But, of course, the same thing that drives our “war on terrorism” is what drives the gun trade: profits. Which is why gun makers maintain their unholy alliance with the NRA. They rely on the NRA to gin up gun-owning (and buying) fervor, and the NRA relies on them to fund its lobbying juggernaut. It has become an article of faith that any legislator who even hints s/he favors increased gun control risks being targeted (sorry) for electoral defeat by the NRA, which rarely misses its target. The NRA knows how to put its money where its mouth is, which is why gun control has become an untouchable political issue, and probably won’t go anywhere this time either.

In spite of creditable studies which show that guns do not make us safer, there continue to be zealots (no matter how thoroughly discredited) who insist the opposite is true.

Guns seem to be the only life-threatening instrumentalities that defy the regulatory and corrective after-effects of a disaster involving their use. Imagine airlines, for example, trying (much less being able) to thwart the preventive measures the FAA invariably imposes in the aftermath of deadly plane crashes, or auto manufacturers or food and drug or baby crib (and so on) manufacturers thumbing their noses at safety recalls after deaths caused by their products. The public wouldn’t stand for it.

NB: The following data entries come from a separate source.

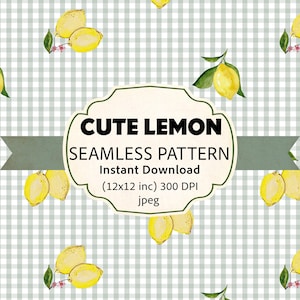 Cute Lemon Gingham Pattern, Seamless Citrus Background, Summer Picnic Digital Paper, Watercolor Lemon Design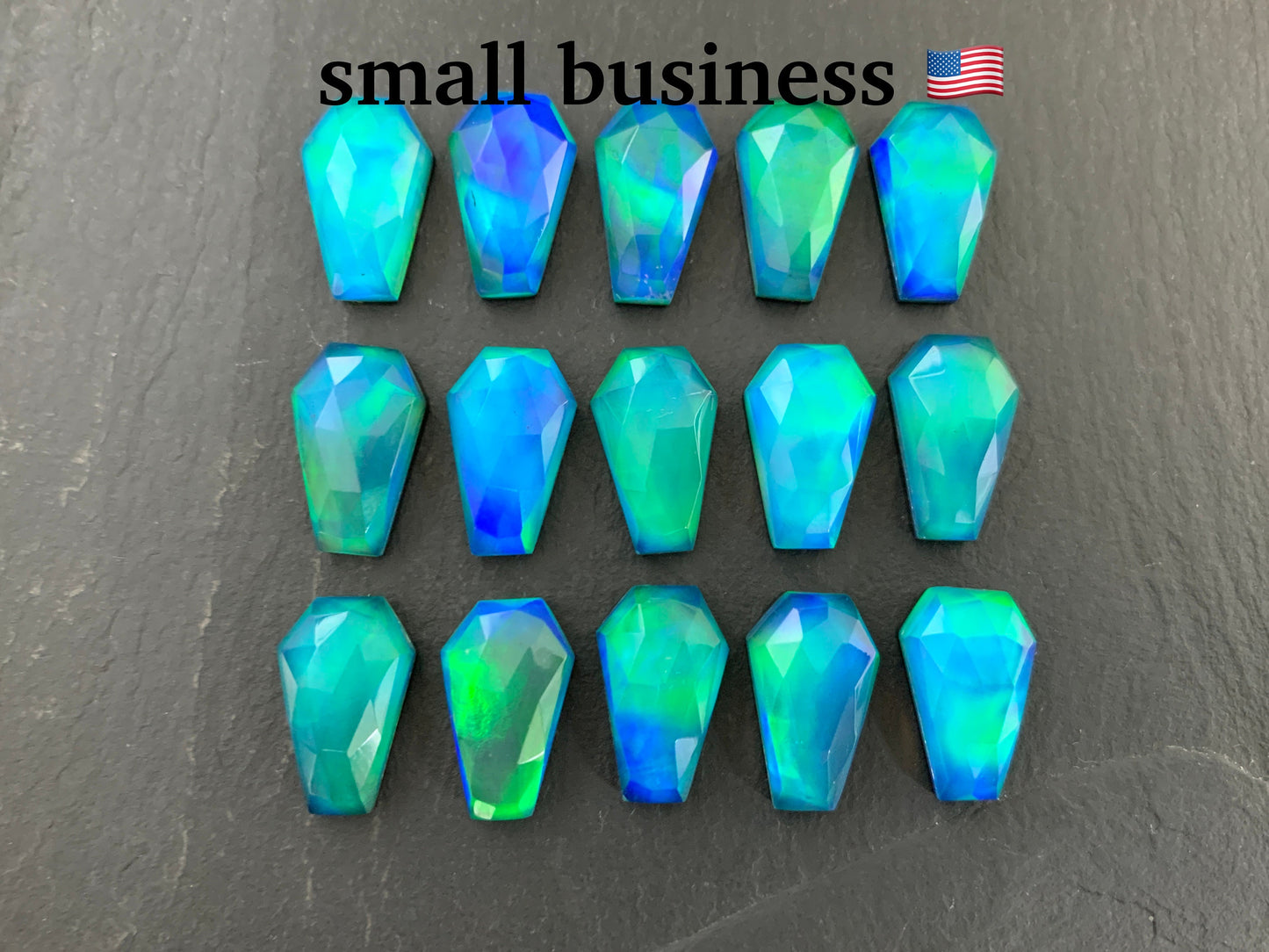 Faceted Aurora Opal coffin 10x16mm cabochon - Doublet cabochons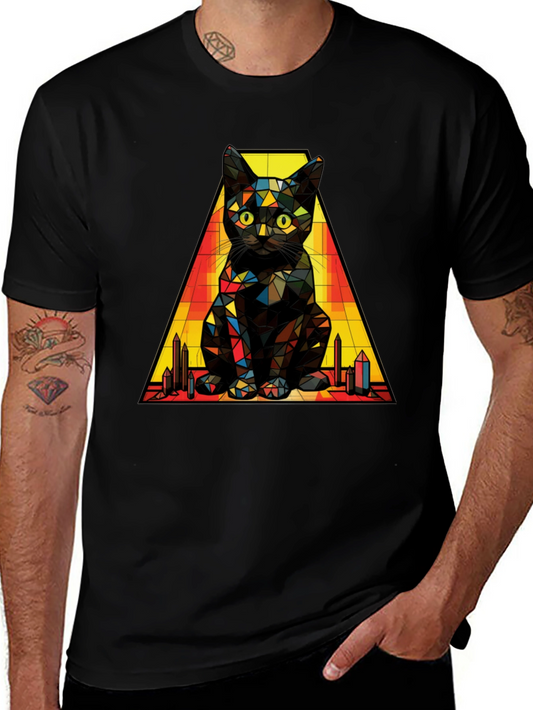 Geometric Cat T-Shirt: Modern Artistic Feline Tee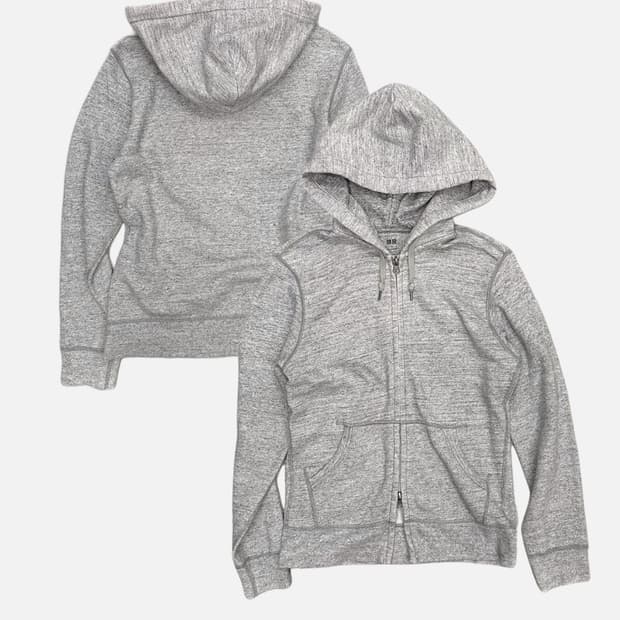 melange 2way hood zip-up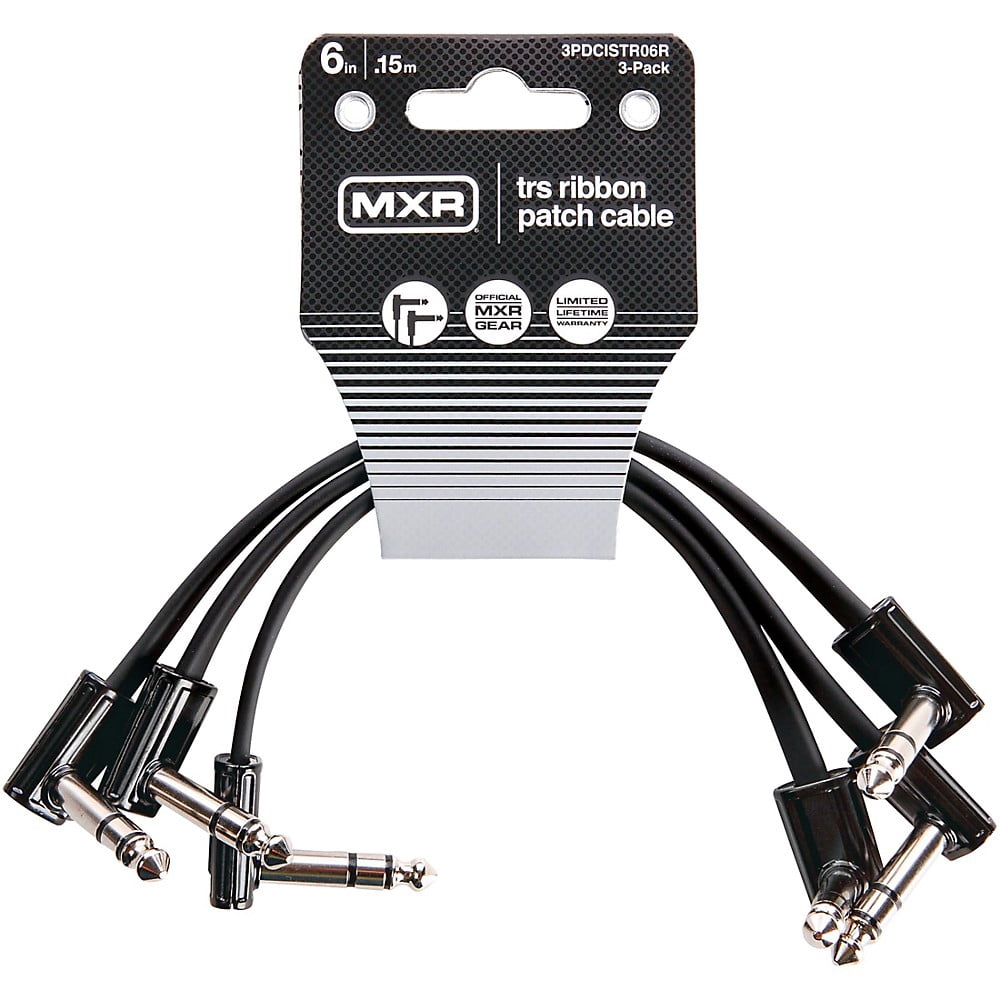 MXR TRS Ribbon Patch Cable - 3 Pack 6 in. Black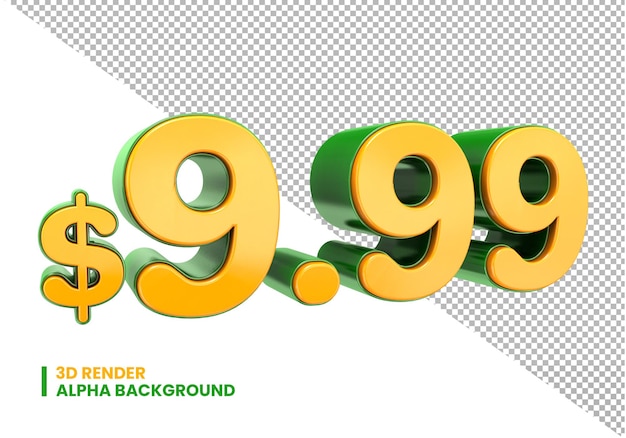 Premium PSD | 3d 9.99 dollar price sign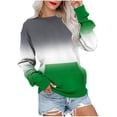 thumbnail image 2 of BLCHUNen Chandails en Molleton pour Femmes Mode Dégradé Couleur Manches Longues Col Rond Chandail Décontracté Extérieur Blouses Automne, 2 of 6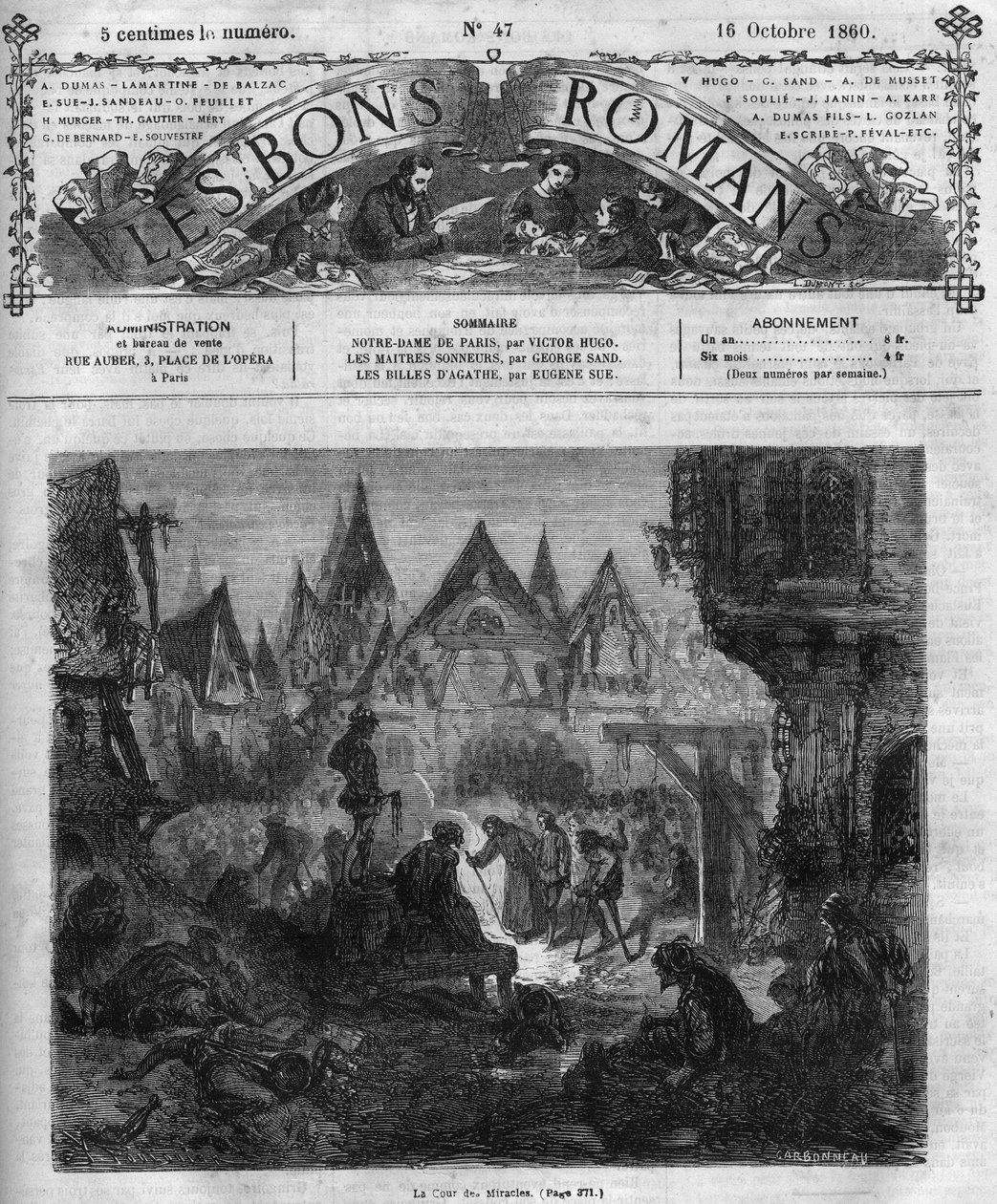 Roman serisi: Victor Hugo (1802-1885) tarafından yazılan “Notre Dame de Paris”. Mucizeler mahkemesi. “Les bons romantizm” deki gravür by French School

So, it shouldn’t surprise anyone that the anti-gun-control forces seem, once again, poised to defeat any attempt to stiffen gun lawsfollowing the Tuscon tragedy, just as they have after every prior gun-facilitated mass murder. After all, a constitutional right exercised to line the pockets of a multi-billion dollar industry trumps human life, doesn’t it? I wonder what the Pope would have to say about that.